The model then learns to favor the kinds of outputs that score highest according to our custom, verifiable rules. We're no longer just teaching it style; we're teaching it to reason its way to a correct answer.
print("\n" + "="*72 + "\nPART 4 — GRPO with verifiable math rewards\n" + "="*72)
from trl import GRPOTrainer, GRPOConfig
import random
random.seed(0)
def make_math_problem():
a, b = random.randint(1, 50), random.randint(1, 50)
op = random.choice(["+", "-", "*"])
expr = f"{a} {op} {b}"
return {
"prompt": f"Solve this and end your reply with only the final number. {expr} =",
"answer": str(eval(expr)),
}
grpo_ds = Dataset.from_list([make_math_problem() for _ in range(200)])
print(f"GRPO dataset rows: {len(grpo_ds)}")
print(f"Example: {grpo_ds[0]}")
def correctness_reward(completions, **kwargs):
"""+1 if the last number in the completion matches the gold answer."""
answers = kwargs["answer"]
rewards = []
for c, gold in zip(completions, answers):
nums = re.findall(r"-?\d+", c)
rewards.append(1.0 if nums and nums[-1] == gold else 0.0)
return rewards
def brevity_reward(completions, **kwargs):
"""Small bonus for short answers — discourages rambling."""
return [max(0.0, 1.0 - len(c) / 200) * 0.2 for c in completions]
grpo_args = GRPOConfig(
output_dir="./grpo_out",
learning_rate=1e-5,
per_device_train_batch_size=2,
gradient_accumulation_steps=2,
num_generations=4,
max_prompt_length=128,
max_completion_length=96,
logging_steps=2,
save_strategy="no",
bf16=BF16_OK,
fp16=not BF16_OK,
gradient_checkpointing=True,
max_steps=15,
report_to="none",
)
grpo_trainer = GRPOTrainer(
model=MODEL_NAME,
args=grpo_args,
train_dataset=grpo_ds,
reward_funcs=[correctness_reward, brevity_reward],
peft_config=LORA_CFG,
)
grpo_trainer.train()
print("\n[GRPO inference]")
for q in ["What is 17 + 28?", "What is 9 * 7?", "What is 100 - 47?"]:
a = chat_generate(grpo_trainer.model, grpo_trainer.processing_class, q, 60)
print(f"Q: {q}\nA: {a}\n")
del grpo_trainer; cleanup()
print("\n✓ Tutorial complete — you've trained 4 post-training algorithms!")
Check out the inference results.
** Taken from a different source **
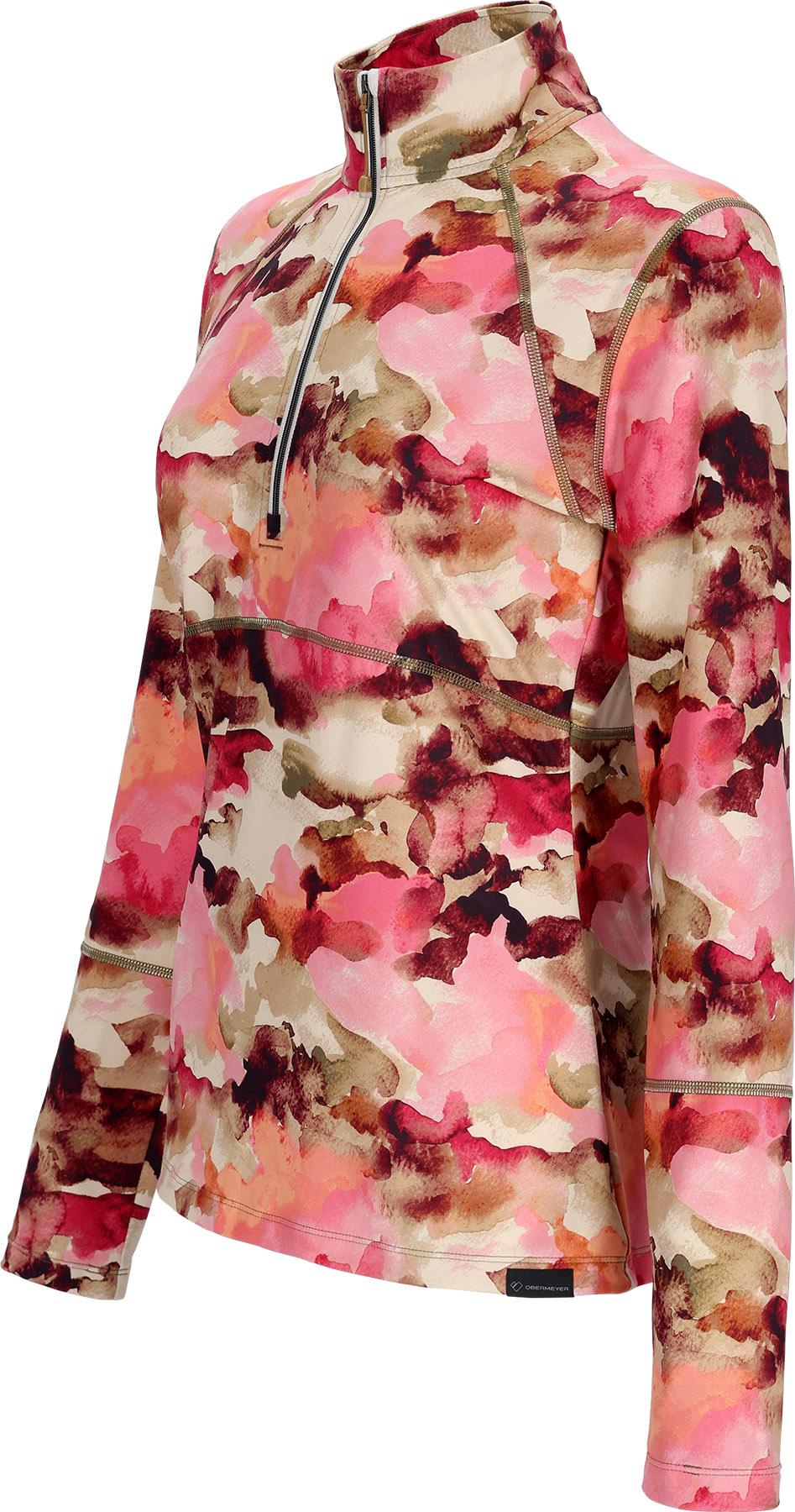 Product gallery image number 2 for product Discover 1/4 Zip Base Layer Top - Women's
The model gets much better at simple arithmetic, directly learning from our custom reward logic. This is incredibly powerful.
So, What Did We Just Accomplish?
Think about the journey we just took. We started with a generic, pre-trained model and guided it through a complete finishing school curriculum.
- SFT taught it how to follow instructions and format its answers.
- Reward Modeling and DPO gave it a sense of taste, aligning it with human preferences for what makes a "good" answer.
- GRPO pushed it beyond preference into the realm of verifiable reasoning, teaching it to find objectively correct solutions.
The most amazing part? We did all of this using open-source tools on a single, consumer-grade GPU. The techniques that were once the exclusive domain of massive AI labs are now in your hands. This is your foundation for experimenting, for designing your own reward functions, and for building AI systems that are not just powerful, but also helpful, aligned, and trustworthy.
Now it's your turn to play. What will you teach your model?